L’action se déroule à Londres et à Stratford, et sur la route qui les joint, mais très souvent on évoque la lointaine Illyrie (la Dalmatie antique), la mer, la chaleur et les événements qui s’y sont déroulés : la belle Viola a disparu, au désespoir de son mari, le duc, qui s’est fait nécromant dans l’espoir de la retrouver. Le frère de Viola s’est allié avec des pirates pour renverser le duc et prendre sa place. C’est par le récit que Violetta fait de ses malheurs et bonheurs à Shakespeare que nous découvrons toute son histoire et son désir de vengeance. Elle a besoin de récupérer le trésor d’Illyrie, une relique sacrée dérobée par Malvolio (l’intendant ridicule de la pièce devenu un redoutable fanatique catholique).

Le livre multiplie les éclairages historiques sur l’époque : relations internationales, conflits entre catholiques et protestants, la reine Elisabeth et son conseiller, sir Cecil, la vie des villes et des campagnes. Les rites du 1er mai sont évoqués avec précision tout comme les décors, la maison de Shakespeare, la vie de sa troupe, les représentations au théâtre du Globe, les tavernes, le problème des fermetures fréquentes des théâtres de Londres qui obligent les troupes à jouer ailleurs, etc.

 La question de la condition des femmes y est très présente et par certains aspects, le roman est un roman de femmes : le héros est une héroïne, et l’amour le plus absolu semble bien être celui de dame Olivia pour Viola, amour dû au quiproquo du déguisement chez Shakespeare, mais que Celia Rees choisit de prendre au sérieux, réécrivant la comédie en la teintant de la noirceur du désespoir et de la solitude.

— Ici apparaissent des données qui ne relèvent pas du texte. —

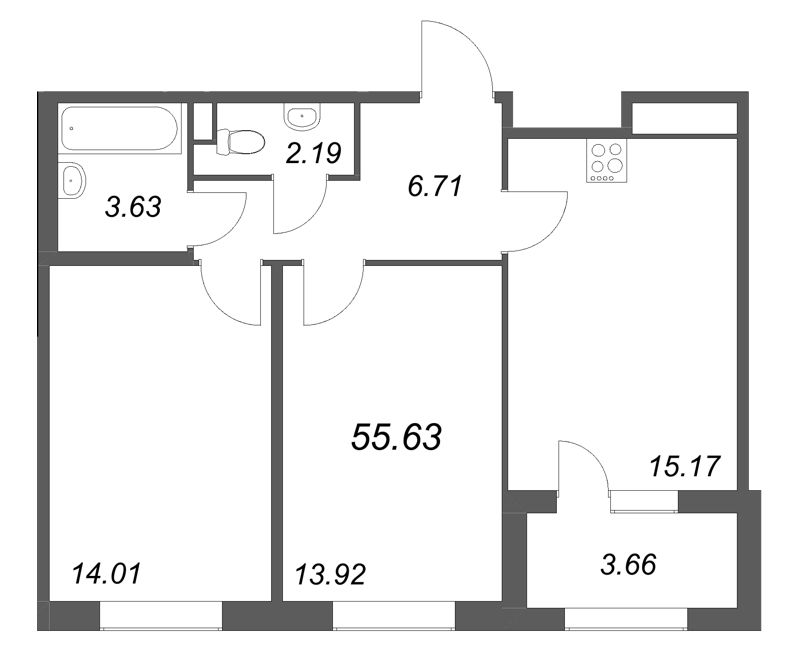 3-комнатная (Евро) квартира, 55.63 м² в ЖК "Дубровский" - планировка, фото №1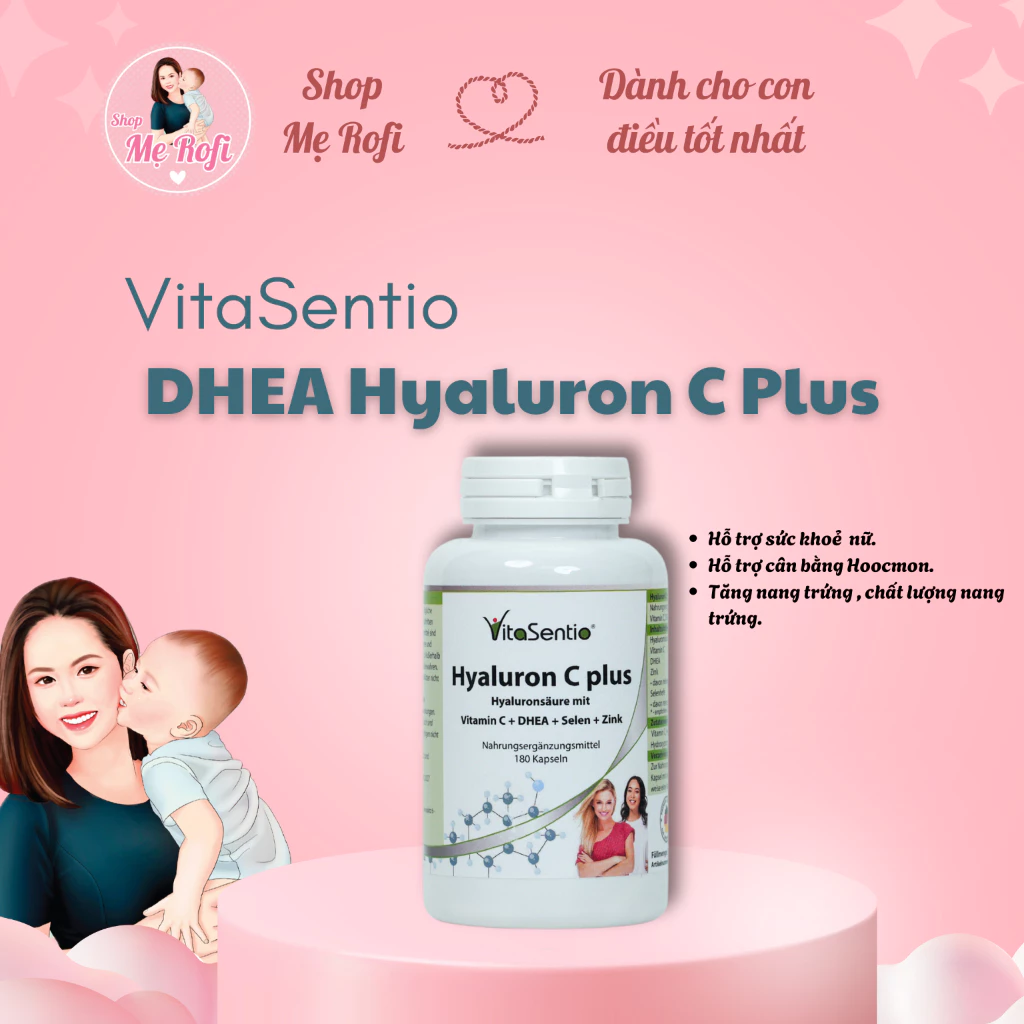 Viên uống tăng nang trứng Hyaluron C plus DHEA - Mẹ Rofi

Le pays d’Illyria est teinté de magie et de nostalgie comme le montre la scène où Violetta chante : « Elle chantait la perte et le désir, la joie et le chagrin, le commencement et la fin de toutes choses. C’était l’un de ces airs qui vous rendent euphoriques tout en vous faisant pleurer ». Le personnage du fou, étrange, ni homme ni enfant, toujours proche de l’héroïne même lorsqu’on le croit loin, faible et fort et venu d’on ne sait où, est très Shakespearien. On le voit d’ailleurs jouer le fou (ou le clown, puisqu’en anglais c’est la même chose) dans As you like it, devant Shakespeare subjugué. Il évoque aussi (comme le titre anglais estropié dans la page de garde, The Fool’s girl) le personnage de Fool’s fate, une partie du célèbre cycle de fantasy l’Assassin royal. Le titre français n’est pas mal, tant cette Illyrie lointaine est présente, mais est-il dû au fait que celui de « la fille du/au fou » ou « la fille du clown » n’aurait rien dit aux français ou à la volonté de faire croire qu’il y a un rapport avec la série Angel dont Illyria est un des personnages (saison 5, je n’ai pas vu, mais c’est sur wikipedia…)?

Enlèvements, naufrages, trahisons, divination, trésors volés, espionnage pour des puissances étrangères, nostalgie d’un monde perdu, tout cela fait aussi de ce roman aussi poétique qu’ historique un vrai roman d’aventures, beau et passionnant.